Sunyi Sebenar Sunyi Meliputinya

sunyi sebenar sunyi meliputinya. sunyi yang ingin dinikmatinya sendiri. jangan kau ganggu. hingga pertapa menemu. masuk telinga ruci. tak ada kepastian baginya. hanya dirinya sendiri. bertarung dengan gelombang. pemikirannya sendiri. lautan api di kepalanya.

Ada

ada yang gundah, menatap hidup yang kian entah ada yang menggigil, hadapi hidup yang degil ada yang merasa bosan, tak ingin lagi mengirim pesan ada yang merasa sunyi, langit tak berbisik lagi ada yang berkelebat, semacam kata yang sesat ada yang meretak, di dalam cermin dia berteriak ada yang mencercah, di mata harap sesal terpecah

jangan menari zarathustra, jika kau tak tahan pedihnya

: sigit pramudito jangan menari zarathustra, jika kau tak ingin amuk pedihnya. jangan! jangan menari zarathustra, jika masih ingin menemu daratan harapan. jangan! hanya manusia yang kuat, mampu menarikannya. bukan manusia cengeng dan cepat putus asa. dengarlah sabda zarathustra: "kanon adalah tugu dan AKU cemburu ingin menghancurkan! hancurkan tugu! penari zarathustra akan segera merayakannya. segera!
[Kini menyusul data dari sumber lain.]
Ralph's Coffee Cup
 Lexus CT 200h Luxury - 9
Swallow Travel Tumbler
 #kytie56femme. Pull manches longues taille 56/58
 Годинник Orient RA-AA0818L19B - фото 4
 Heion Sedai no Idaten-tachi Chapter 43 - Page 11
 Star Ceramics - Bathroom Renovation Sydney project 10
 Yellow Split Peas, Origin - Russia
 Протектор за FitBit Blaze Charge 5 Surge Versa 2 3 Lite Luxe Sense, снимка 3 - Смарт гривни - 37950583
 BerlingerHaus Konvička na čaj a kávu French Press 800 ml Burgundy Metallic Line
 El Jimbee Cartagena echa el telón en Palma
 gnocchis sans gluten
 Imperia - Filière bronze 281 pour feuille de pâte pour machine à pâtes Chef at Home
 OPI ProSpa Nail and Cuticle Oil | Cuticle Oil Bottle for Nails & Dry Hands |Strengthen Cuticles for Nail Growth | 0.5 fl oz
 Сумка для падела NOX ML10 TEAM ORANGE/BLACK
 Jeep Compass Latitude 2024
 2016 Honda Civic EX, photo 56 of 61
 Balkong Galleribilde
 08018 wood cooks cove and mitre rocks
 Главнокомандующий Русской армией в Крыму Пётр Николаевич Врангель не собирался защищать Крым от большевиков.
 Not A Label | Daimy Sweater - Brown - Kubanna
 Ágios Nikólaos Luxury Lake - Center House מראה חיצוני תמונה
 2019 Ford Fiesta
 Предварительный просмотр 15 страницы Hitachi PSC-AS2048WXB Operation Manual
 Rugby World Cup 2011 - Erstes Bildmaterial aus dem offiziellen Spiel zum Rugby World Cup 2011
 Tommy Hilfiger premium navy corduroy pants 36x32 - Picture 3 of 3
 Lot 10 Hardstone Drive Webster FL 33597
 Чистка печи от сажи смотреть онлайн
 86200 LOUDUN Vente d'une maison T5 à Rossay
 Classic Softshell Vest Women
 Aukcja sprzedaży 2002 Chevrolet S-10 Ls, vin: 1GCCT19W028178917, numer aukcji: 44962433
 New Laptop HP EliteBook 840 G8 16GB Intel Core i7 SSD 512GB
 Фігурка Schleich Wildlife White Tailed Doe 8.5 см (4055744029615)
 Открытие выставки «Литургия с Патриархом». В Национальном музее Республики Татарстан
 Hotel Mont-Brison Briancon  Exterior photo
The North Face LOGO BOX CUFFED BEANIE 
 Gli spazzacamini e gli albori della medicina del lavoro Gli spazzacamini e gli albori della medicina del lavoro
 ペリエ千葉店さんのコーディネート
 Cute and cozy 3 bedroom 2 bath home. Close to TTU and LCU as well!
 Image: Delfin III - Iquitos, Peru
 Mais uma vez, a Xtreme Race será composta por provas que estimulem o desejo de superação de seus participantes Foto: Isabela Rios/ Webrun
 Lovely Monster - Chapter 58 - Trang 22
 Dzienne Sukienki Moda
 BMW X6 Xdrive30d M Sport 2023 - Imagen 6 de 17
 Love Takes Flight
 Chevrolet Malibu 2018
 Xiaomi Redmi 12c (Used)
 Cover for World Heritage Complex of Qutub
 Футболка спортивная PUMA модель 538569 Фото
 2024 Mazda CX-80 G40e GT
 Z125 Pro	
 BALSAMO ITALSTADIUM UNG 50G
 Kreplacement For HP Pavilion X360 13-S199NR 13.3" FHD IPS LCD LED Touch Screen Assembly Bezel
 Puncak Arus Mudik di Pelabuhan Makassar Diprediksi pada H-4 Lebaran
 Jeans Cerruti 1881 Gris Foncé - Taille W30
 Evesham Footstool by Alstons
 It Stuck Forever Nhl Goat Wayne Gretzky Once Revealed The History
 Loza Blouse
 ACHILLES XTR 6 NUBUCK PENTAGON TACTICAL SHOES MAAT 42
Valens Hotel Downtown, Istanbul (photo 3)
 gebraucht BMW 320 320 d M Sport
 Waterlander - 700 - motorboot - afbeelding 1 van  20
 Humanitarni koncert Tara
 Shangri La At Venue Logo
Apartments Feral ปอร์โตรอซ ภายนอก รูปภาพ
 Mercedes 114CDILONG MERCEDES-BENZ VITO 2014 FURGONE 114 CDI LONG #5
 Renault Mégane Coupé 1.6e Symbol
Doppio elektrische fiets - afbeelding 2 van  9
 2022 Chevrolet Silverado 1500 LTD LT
AKUlah penari. penari gelombang lautan. akulah laut. menarikan darah. karena AKU hendak kuasa! hendak kuasa! karena kalian telah menjadi thesa, aku akan menjadi antithesa." begitulah sabda sang penari: Zarathustra Malang, Surabaya, 2011

setiap senja aku ingin menulis puisi

setiap senja aku ingin menulis puisi, sebaris dua baris kepenatan yang tersisa, agar terurai agar memuai lebur dalam kata, sebuah senja. apa kabar? magrib menyisakan gema azan, di langit yang jauh, di tanah yang jauh, masihkah kau dengar, degup yang tersisa dari sebuah rindu surga yang jauh aku tulis sajak ini, karena waktu demikian fana, dan kata akan abadi seperti kita yang mengeja perjalanan, setapak demi setapak, luka demi luka, rindu demi rindu, cinta demi cinta, begitulah sajak akan kembali mungkin kau risau, labil dan galau, seperti ingin kau tancapkan pisau di dadamu, agar parau nyeri sampai ke titik pedihnya. tapi untuk apa? ah segala risau enyahlah, segala galau punahlah, segala racau leburlah, segala kacau menyatulah. hiduplah hidup dengan tegar! dengan iman! rindu yang mengental, cinta yang selalu terjaga. kasih sayangnya semata. Malang, 2010-2011

Kata-kata Menari Sendiri, Penyair Ternganga Saja. Biar!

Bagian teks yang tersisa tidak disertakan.